Dimensions
日本語 / русский / 繁 體中文 / Português / 简 体中文 / Français / Español / English / العربية

Hoofdstuk 2 : dimensie drie

M.C. Escher vertelt de avonturen van tweedimenionale wezens die zich driedimensionale voorwerpen proberen voor te stellen.

Naar hoofdstuk 1 Naar hoofdstuk 3

1. De presentator

M.C. Escher (1898-1972) was een uitzonderlijk kunstenaar wiens werken een buitengewone aantrekkingskracht hebben op wiskundigen. Zijn gravures tonen paradoxale werelden, verbazende vlakverdelingen, oneindige perspectieven: allemaal dingen waarmee men wiskundigen plezier kan doen! De officiele website bevat zijn biografie, en een grote verzameling reproducties van zijn gravures.

J. S. Bach (1685-1750) is een andere kunstenaar die fascinerend is voor wiskundigen (en natuurlijk vele anderen !). Ook in de werken van Bach vindt men verbazende symmetrieën.

Kurt Gödel (1906-1978) was een wiskundige die een revolutie teweeg gebracht heeft in de logica, en ook hij beschouwde symmetrieën die delen verbinden met het geheel.

Een merkwaardig boek, "Gödel Escher Bach" onderzoekt de diepe banden tussen deze drie uitzonderlijke personnages.

Een van de beroemdste gravures van Escher heet Reptielen. Neem de tijd om ze hier goed te bekijken, want in de film glijdt ze nogal snel voorbij. Op een bladzijde van een schrift ziet men een vlakverdeling met reptielen die perfect in mekaar passen.

Zo ziet een platte wereld eruit: de hagedissen die op dat blad papier leven kennen enkel dat blad, en hebben geen benul van de ruimte die hen omringt. Wij kunnen ze zien, en we weten dat hun platte wereld niet meer is dan een blad papier, maar de hagedissen weten dat niet.

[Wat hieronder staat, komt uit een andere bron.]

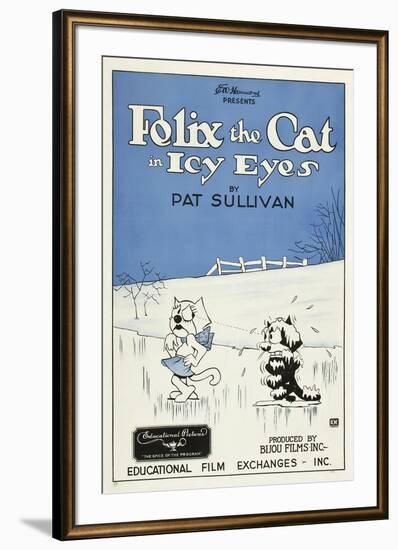 Icy Eyes, Peaches, Felix the Cat on US poster art, 1927-null-Framed Art Print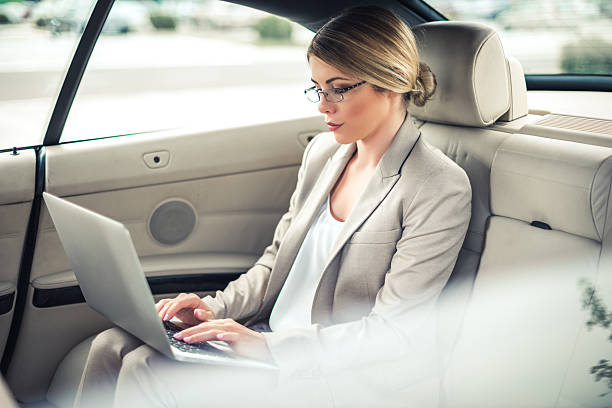 istock Hardworking businesswoman 518626700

Een van de hagedissen heeft het geluk dat hij kan ontsnappen, en onze wereld kan bezoeken. We zien hem geleidelijk dikker worden, op een boek klimmen, een winkelhaak als brug gebruiken naar een verhoog in de vorm van een dodecaëder, alvorens weer naar beneden te komen en zijn plaats in de platte wereld weer op te nemen, verrijkt door zijn belevenis, zoals een ontdekkingsreiziger die net een nieuw continent ontdekt heeft.

De gravure roept een filosofische overpeinzing op: als de hagedissen geen weet hebben van wat hen omringt, zijn wij dan niet in dezelfde situatie? Zou er geen wereld bestaan "buiten" de onze, die we met onze zintuigen niet kunnen waarnemen? De symboliek ontbreekt tenandere niet op de gravure. We zien de vier elementen waaruit volgens Plato de wereld bestaat: het water in het glas, de lucht die ontsnapt uit de neusgaten van de hagedis, de aarde in de pot, het vuur (voorgesteld door het luciferdoosje), en zelfs de dodecaëder, het kwintessens of vijfde element...En de sigarettenvloeitjes van het merk Job: een bijbelse allusie?

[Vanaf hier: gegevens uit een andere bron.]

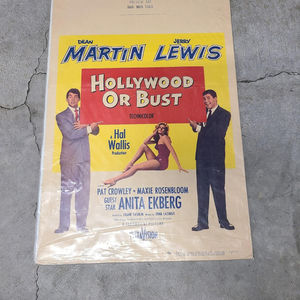 Hollywood or Bust 1956 Window Cards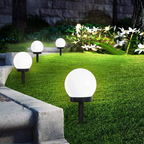 Solar Globe Garden Lights, Set of 3, Waterproof Path Lighting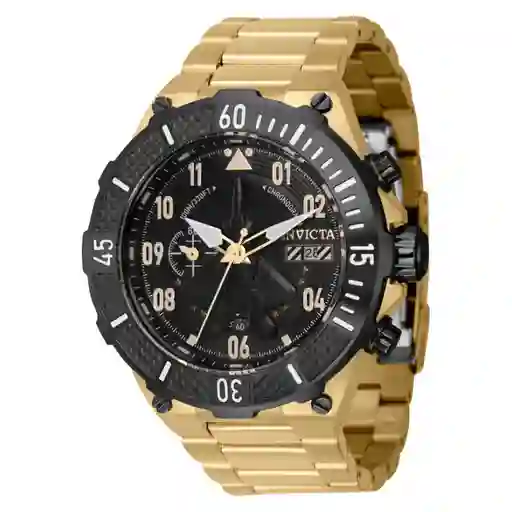 Reloj Aviator Hombre Dorado 39907 Invicta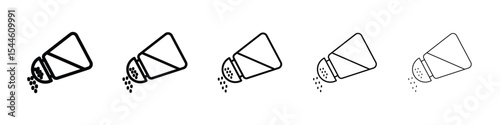 Salt shaker icon filled flat sign concept for web design.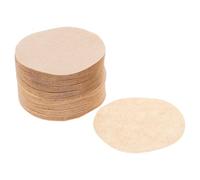 VICASKY 200 Piezas Filtros de Papel de Café Redondos sin Blanquear de 64mm, Fibra de Madera Natural, Desechables para Cafeteras Portátiles y Prensa de Café Saludable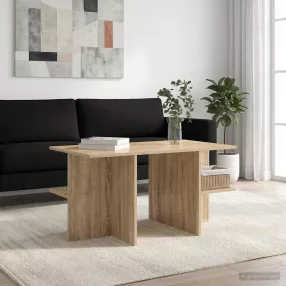   vidaXL Dohányzóasztal Sonoma Tölgy 87 x 50 x 45 cm Mérnöki fa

All M.C. Escher Works © 2008 The M.C. Escher Company,the Netherlands.
All rights reserved. www.mcescher.com Used with permission.

Het doel van dit hoofdstuk is ons voor te bereiden op de vierde dimensie. Om ons in staat te stellen ons een vierde dimensie voor te stellen, gaan we beginnen met een manier te zoeken om aan platte hagedissen het bestaan van de derde dimensie uit te leggen. We beelden ons in dat we de uitverkoren hagedis zijn (de filosoof?, de wiskundige?) die het voorrecht krijgt om uit het blad te ontsnappen, en op een dodecaêder te klimmen. Wij zijn in de derde dimensie, en we zien voorwerpen zoals een bloempot, een boek, een winkelhaak ..en het is onze taak om deze voorwerpen te "tonen" aan de andere hagedissen die deze zaken niet kunnen zien omdat ze gebonden zijn aan het blad, en er niet uit weg kunnen.

2. "Het platte land"

We hadden dit hoofdstuk ook kunnen laten voorstellen door Edwin Abbott, een Engels schoolmeester en theoloog uit de negentiende eeuw die een prachtig boek geschreven heeft: FlatLand. Dit boek vertelt het verhaal van een platte maatschappij, waarin de personnages vierkanten, driehoeken, cirkels en lijnstukken zijn. In deze maatschappij zijn er complexe leefregels, en de charme van het boek is dat de auteur van de gelegenheid gebruik maakt om een karikatuur te schetsen van de Victoriaanse maatschappij van de negentiende eeuw, die ook complex genoeg was. Een boek met zowel een wetenschappelijke als een sociologische inslag.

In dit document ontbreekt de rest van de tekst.